| EXTRACTED MATERIAL |
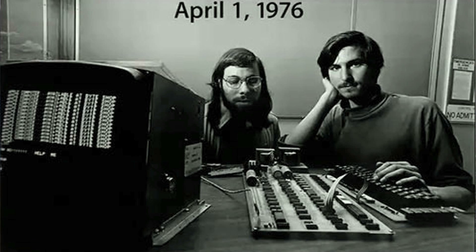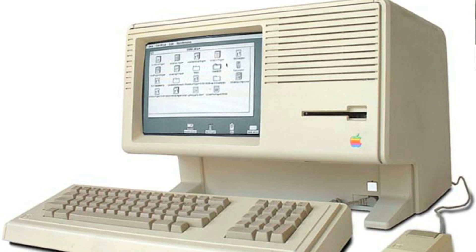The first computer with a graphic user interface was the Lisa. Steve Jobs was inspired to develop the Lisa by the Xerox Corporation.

---

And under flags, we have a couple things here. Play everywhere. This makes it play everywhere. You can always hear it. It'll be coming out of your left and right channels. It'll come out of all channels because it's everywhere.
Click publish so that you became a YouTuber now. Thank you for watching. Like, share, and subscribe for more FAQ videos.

---

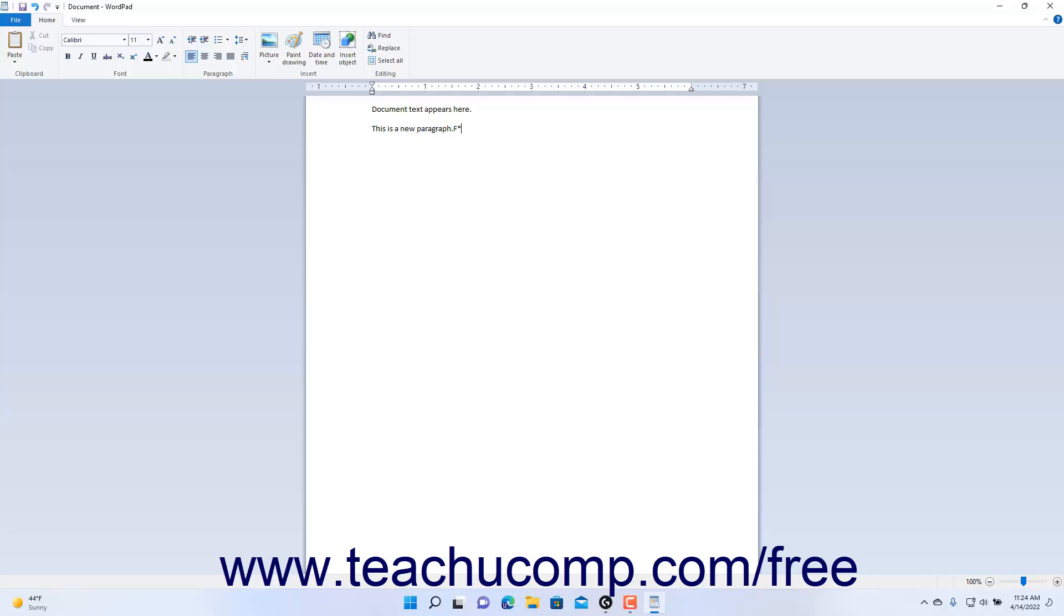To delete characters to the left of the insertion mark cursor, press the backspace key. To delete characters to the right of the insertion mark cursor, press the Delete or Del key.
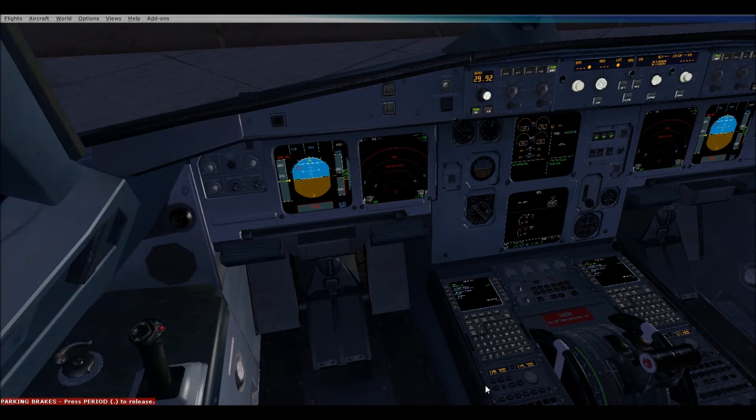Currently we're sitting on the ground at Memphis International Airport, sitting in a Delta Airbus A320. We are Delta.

| THE TASK |
A clean copy is needed of the lines in the listing above from the one with "To delete characters to the left" through the one with "Currently we're sitting", exact in every word and free of pictures.

| TASK ANSWER |
To delete characters to the left of the insertion mark cursor, press the backspace key. To delete characters to the right of the insertion mark cursor, press the Delete or Del key.
Currently we're sitting on the ground at Memphis International Airport, sitting in a Delta Airbus A320. We are Delta.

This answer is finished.